J’ai une vieille dent contre ma maison qui s’appelle l’Éducation nationale. J’ai été le conseiller de 4 ministres successifs cela n’a pas été très efficace ! Si l’Éducation nationale ne veut pas montrer sa compétence à piloter toutes les formes d’apprentissages que traversent les enfants elle va être mise sur la touche par des organismes aujourd’hui… des cabinets privés ont déjà proposé dans beaucoup de communes de le faire. Si personne ne veut le faire on va le faire disent-ils ? A 1 200/1 500 Euros la journée !

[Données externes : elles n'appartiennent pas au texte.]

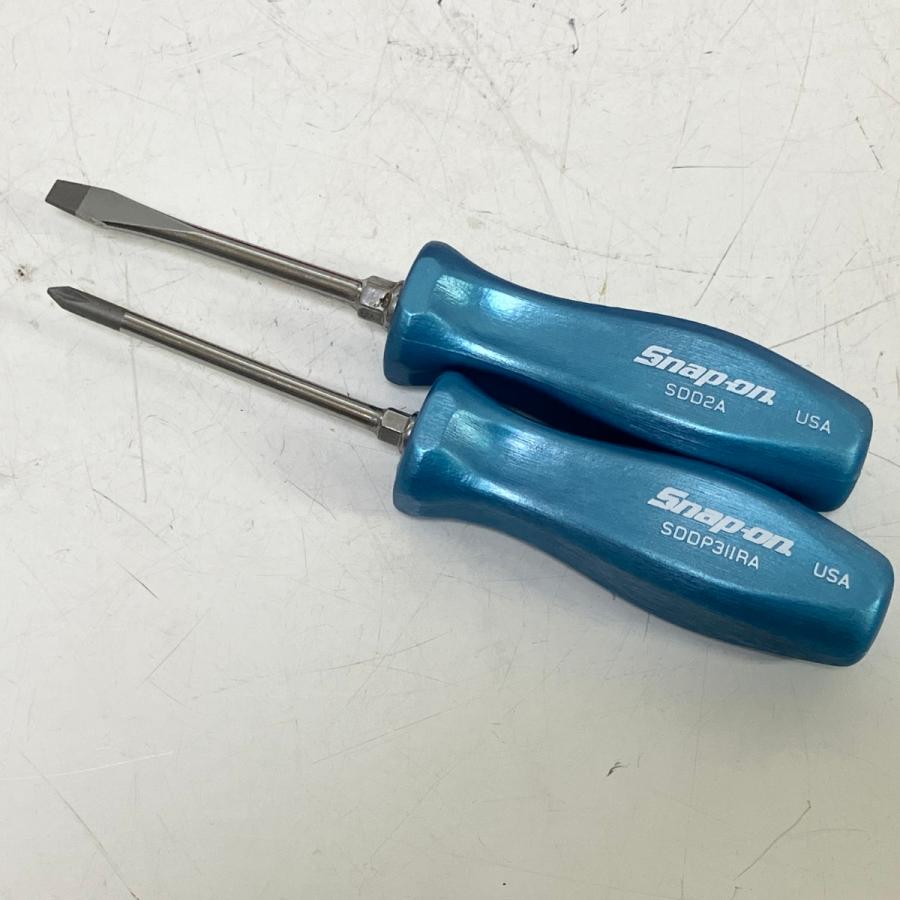 ЗЗ Snap-on スナップオン コンビネーションスクリュードライバー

On pilote les apprentissages par les capacités. On construit les apprentissages par des compétences. On rentre dans les compétences, par des savoirs, des connaissances, des techniques et du sens. Et ensuite on construit des trajectoires. Le vrai enjeu des projets territoriaux c’est celui là : faire la même chose mais faire autrement.
Je termine en vous rappelant les trois indicateurs de l’UNESCO que j’ai déjà eu l’occasion de discuter avec vous. Pour nous la réussite scolaire n’existe pas ; elle n’a jamais été garante d’une réussite éducative et je connais plein de pays où il n’y a pas d’ Ecole. Il y a beaucoup de pays où l’ Ecole est entrain de disparaître pour diverses raisons ; donc le concept ne nous intéresse pas ; ce qui nous intéresse c’est la réussite éducative.
Qu’est-ce que c’est qu’une réussite éducative ? C’est quelqu’un qui a traversé un dispositif ou un système et qui sort avec trois outils dans les mains. Le premier outil c’est : voilà ce que je sais faire quand je vous quitte ; cela s’appelle un portefeuille de compétences. Nous on parle même pas de porte-folio. On en demande une ou deux. Derrière la compétence il y a « entretien public » tu verras dans 5 ans ta compétence tu vas la perdre. Je vous rappelle que les compétences sont mortelles ; les métiers disparaissent des répertoires internationaux ; il y en a d’autres à la place. Regardez tous les métiers que vous avez traversés vous, qu’est-ce qu’il vous en reste des compétences d’avant ?
Donc derrière la compétence il y a ce qui les structure. A l’UNESCO on appelle cela des capacités. Je sais que cela pose beaucoup de problèmes théoriques mais il faut de temps en temps se mettre un petit peu d’accord ; c’est ainsi que recrute malheureusement Pôle Emploi… Pas sur des compétences mais sur des capacités. C’est avec les capacités qu’on fait la validation des acquis des expériences et c’est avec les capacités qu’on construit la formation tout au long de la vie.
Et on a un troisième indicateur : qu’est-ce que tu penses de ce que tu vas faire de tout ce que « tu as appris » quand tu ne seras plus avec moi ?
Je vous rappelle que la finalité de l’Éducation c’est de libérer l’autre et de lui apprendre à se passer de nous.